The time adds up. The variability adds up. And because the work is distributed across people and systems, the total cost is rarely captured in one place.
It shows up instead in staffing levels, backlog growth, and the general sense that the team is always catching up.
The Workflow Was Never Designed to Be Efficient
The underlying issue isn’t that staff are inefficient or that they’re taking longer than they should.
It’s that the workflow itself was never designed to be efficient from the provider’s perspective.
Payor systems are built around their own internal logic, priorities, and constraints. Providers adapt to those systems because they have to. Over time, those adaptations become standard practice.
But adaptation isn’t the same as optimization.
What feels like a slow process is often just the natural outcome of navigating multiple systems that weren’t built to align.
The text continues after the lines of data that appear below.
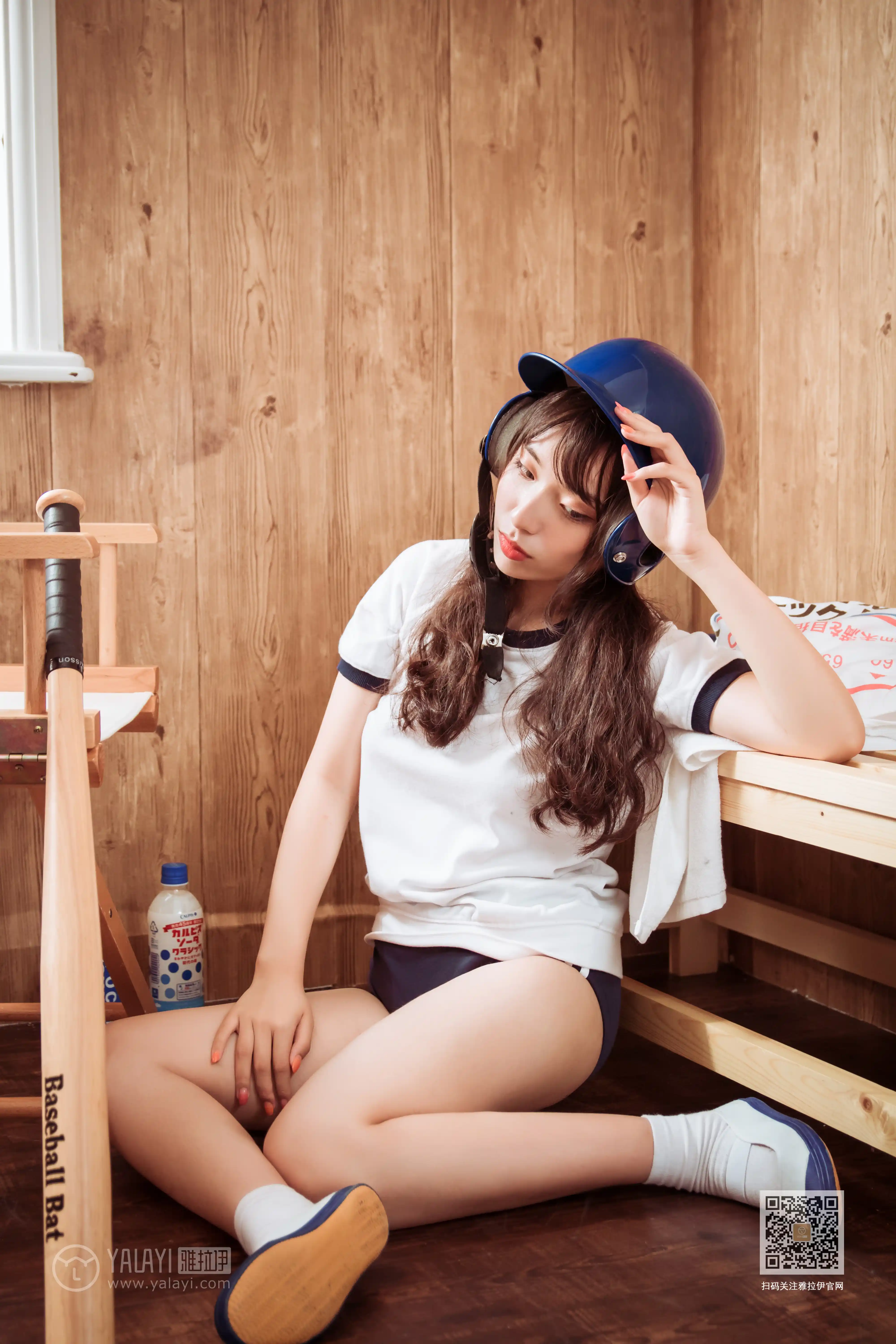 YALAYI雅拉伊 2019.05.06 NO.407 阿橙 - 第2张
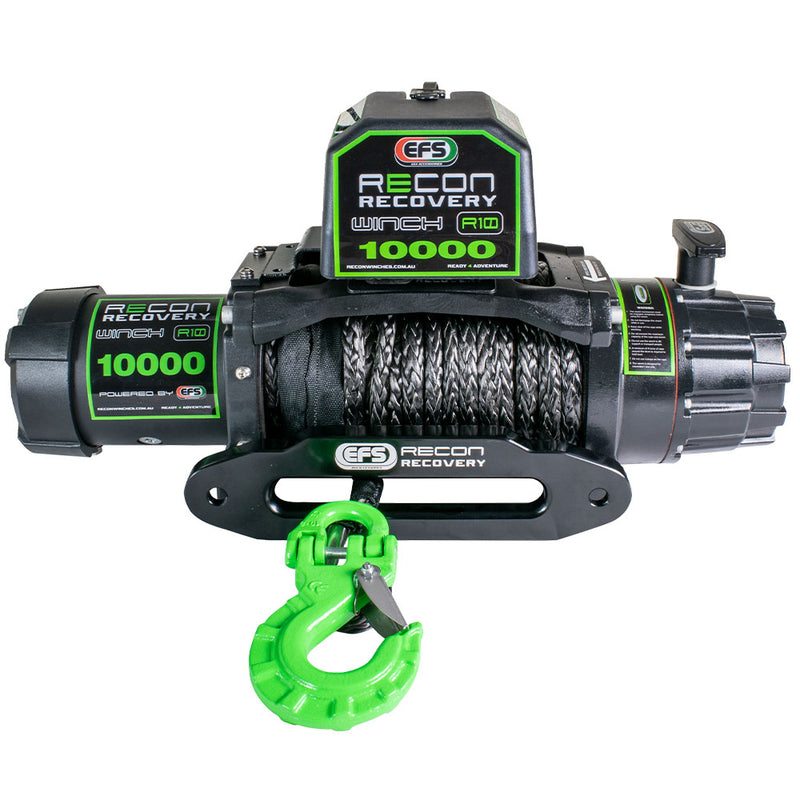Load image into Gallery viewer, EFS Recon 10000lb Winch
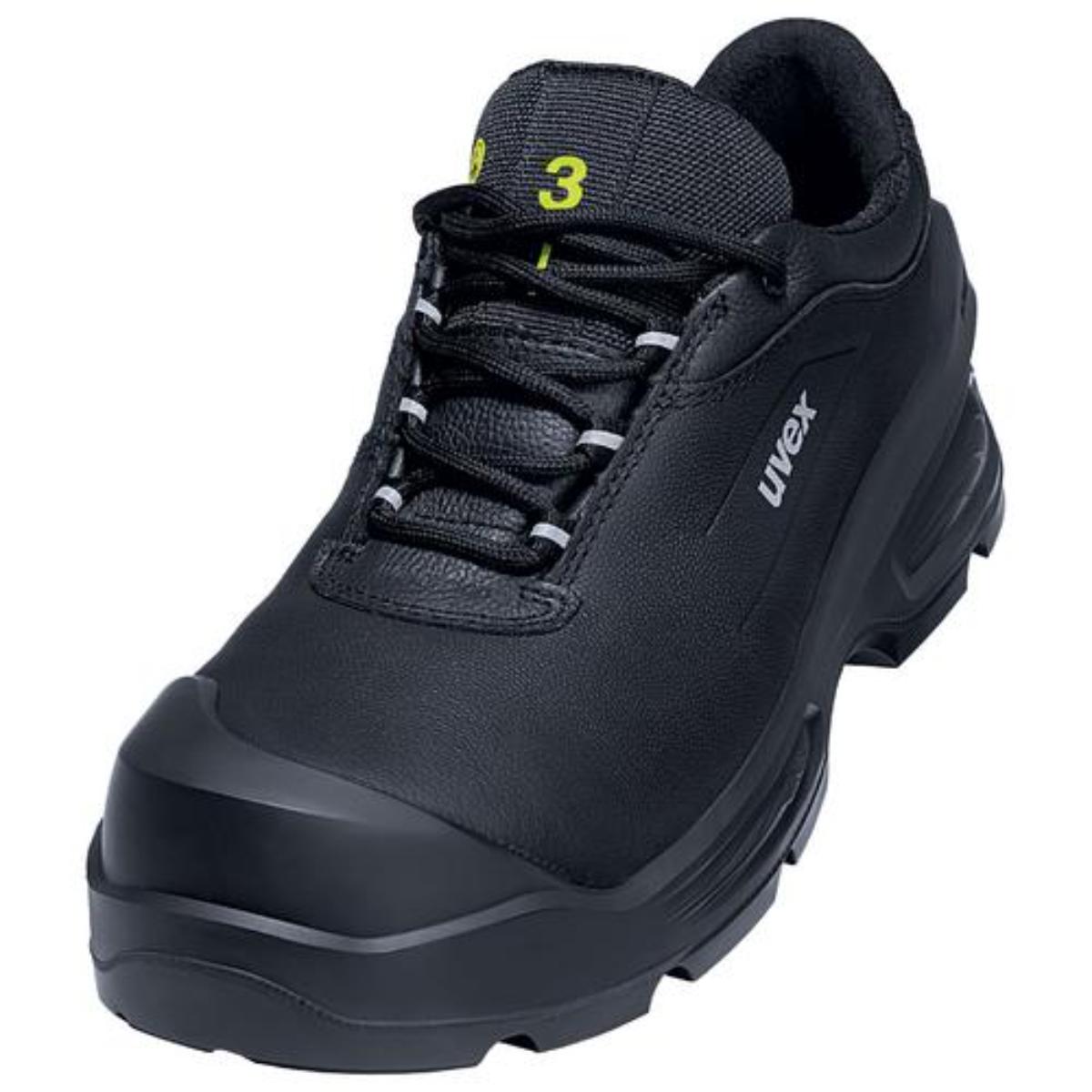 Chaussure de sécurité uvex 3, basse S3L, noire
A Different Way to Think About “Quick”
When organizations start to look more closely at these workflows, the definition of “quick” begins to change.
It’s no longer about how fast a single call can be completed. It’s about how much of the surrounding work can be reduced, standardized, or handled more consistently.
At SuperDial, we see teams shifting their focus from individual calls to the workflows those calls represent. Instead of asking how to make each call faster, they’re asking how to reduce the number of steps, the amount of variability, and the need for repeated follow-up.
That shift doesn’t eliminate complexity on the payor side.
But it changes how that complexity is handled.
Closing Thought
A “quick call” to a payor is rarely just a call.
It’s a compressed version of a larger workflow—one that includes preparation, navigation, interpretation, and follow-up. The time it takes isn’t an anomaly. It’s a reflection of everything that’s happening beneath the surface.
Once you recognize that, the goal stops being speed.
It becomes clarity. Consistency. And, eventually, a different way of doing the work altogether.